# PROBLEM DESCRIPTION
What is needed is a word-for-word copy of the lines below from the one with "陆昭菱晋王的小说全文免费阅读" through the one with "X0000054360189200508121524", both included, with every picture left out.

# EXTRACTED MATERIAL
>>>
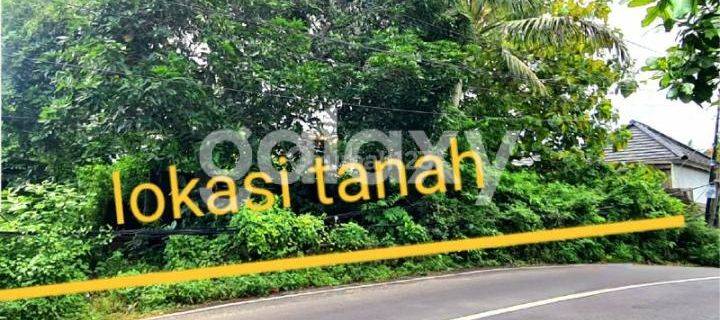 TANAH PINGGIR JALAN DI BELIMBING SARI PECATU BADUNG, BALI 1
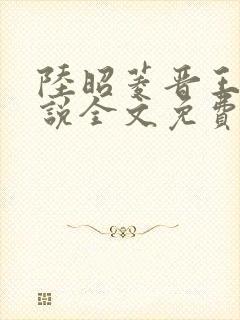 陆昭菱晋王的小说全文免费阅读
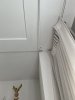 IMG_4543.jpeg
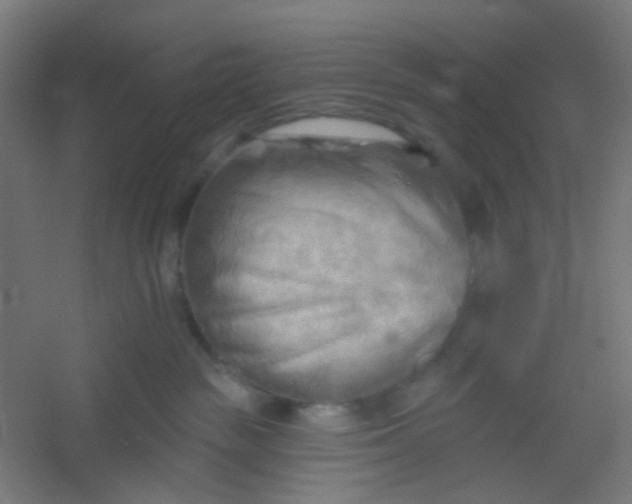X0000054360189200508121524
<<<
>>>
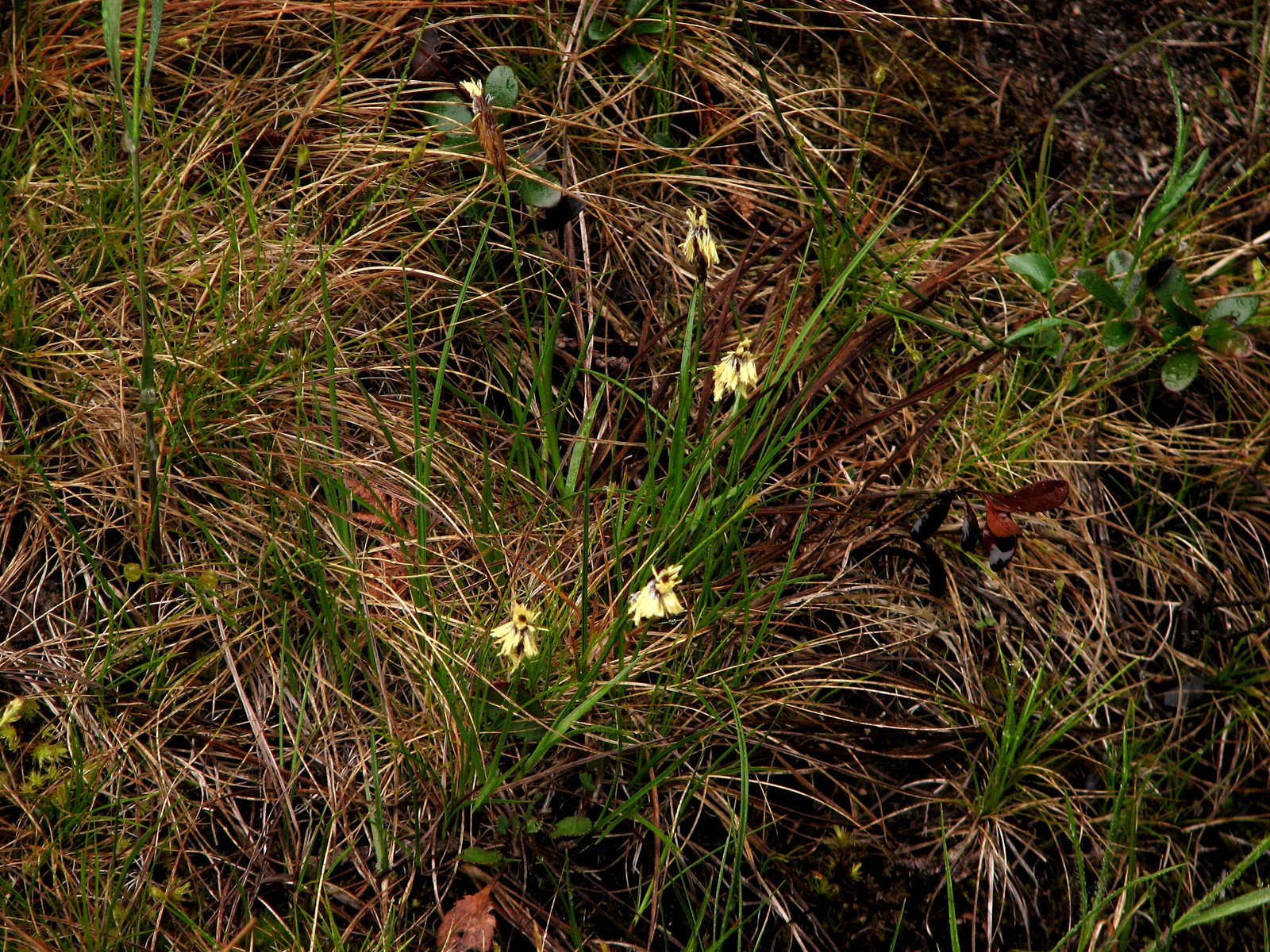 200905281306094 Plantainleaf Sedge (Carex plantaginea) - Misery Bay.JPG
<<<
# RESPONSE BOX
 陆昭菱晋王的小说全文免费阅读
 IMG_4543.jpeg
X0000054360189200508121524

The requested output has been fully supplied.